そう考えだすと何故か緋冴に話すのを躊躇った。
「何だ?どうした?」
「あ・・・いえ・・・」
燦が言い淀んでいるのに緋冴は溜め息を着くと、
「燦・・・。誰が何と言おうとそしてお前がどう思おうと、お前は私の弟だ。流迦を大事に思う龍迦や蒼迦と同じように私もお前を大事に思っていることを忘れるな。何か有れば遠慮せずに聞けば良い」
思いがけない緋冴の優しい言葉に、燦はツンと鼻の奥が痛んだ。
やべ・・・
緋冴は静かに燦の頭を撫でると、「気にしすぎなんだ」と小さく呟いた。
緋冴は燦が火の宮殿に入った時から余り関心が無いように見えた。何も言わず、何も問わない。だが、無関心では無く、静かに見守っていてくれたのだ、と燦は今更ながら感じていた。

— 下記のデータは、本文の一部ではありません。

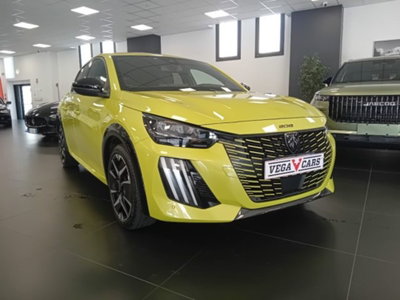 Peugeot 208 PureTech 100 Stop&Start 5 porte GT (3)
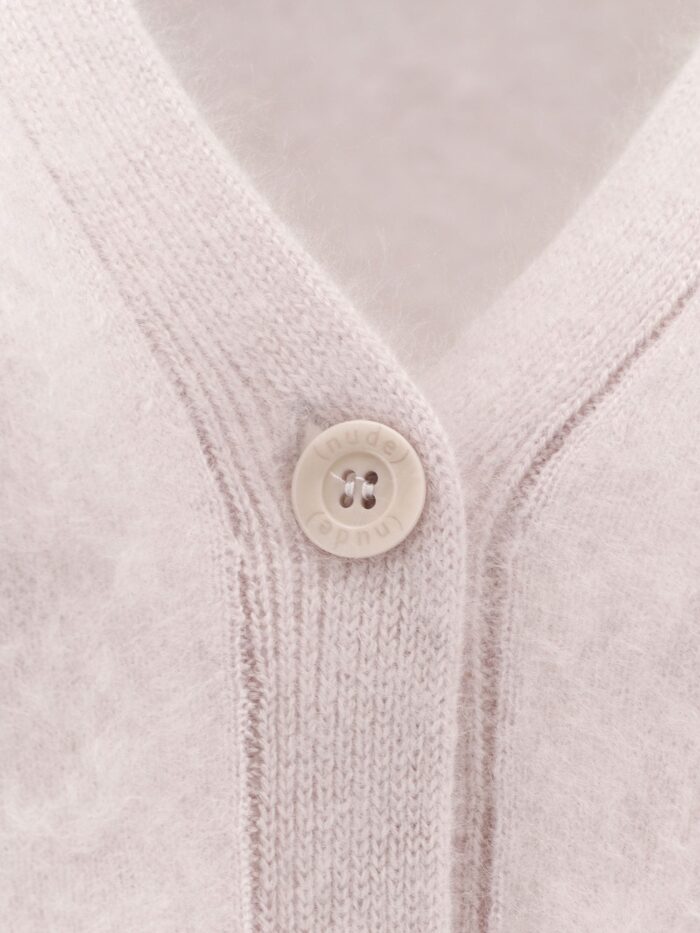 NUDE Cashmere Cardigan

流迦に会ってから、俺は・・・。色んな事が見えてくる。色んな人との出会いが有る。
それもあの時、流迦に会ってからだ。もしまだ会っていなければ・・・。
「姉上・・・ありがとうございます」
「ふむ・・。多少は素直になったな。これも風姫のお陰かな?」
燦の謝辞に緋冴はからかい混じりに答えると、燦の頬を染める姿にまた微笑んだ。
いちいち、ウブな奴だ・・・
流迦に会ってからの燦は表情がくるくる変わるようになった。少し前はただやり場の無い怒りを表面に出していただけだったが・・・。
「良い傾向だ」
「は?」
緋冴の言葉の意味が解らなかった燦は緋冴に聞き返したが、緋冴はただ微笑むばかりで何も答えてはくれなかった。
「緋冴さま、お久しぶりでございます」
燦が緋冴の言葉に困り果てた頃、静かに緋冴に言葉を掛ける声が燦の真横から聞こえ、思わず燦は素っ頓狂な声を出した。
「まぁ・・・驚かせてしまってすみません」
「宵!久しいな。・・・何と、また美しくなったな。見惚れるぞ。ああ、宵。これは弟の燦だ」
「はい。お初にお目もじ致します、燦さま・・・」
ゆっくりと頭を下げるその姿に慌てて燦も頭を下げる。
顔を上げると、その姿に思わず息を飲む。
美人すぎる!・・・サラリとした髪は光の反射なのかキラキラと輝き、端正な顔立ちはうっすらと微笑を浮かべている。瞳の中に何個も星があるのでは無いか、と思わせる吸い込まれそうな大きな瞳。それを縁取る睫毛の一本までもが煌めいている。
「驚いたろう、燦。光一族の一姫、宵だ。宵は宵光姫と言われるのだが・・・おい。見つめすぎだ」
緋冴が思わず窘める程、燦は宵を見つめていた。
宵光姫・・・確かに、彼女は星の瞬きを一身に受けているかのようだった。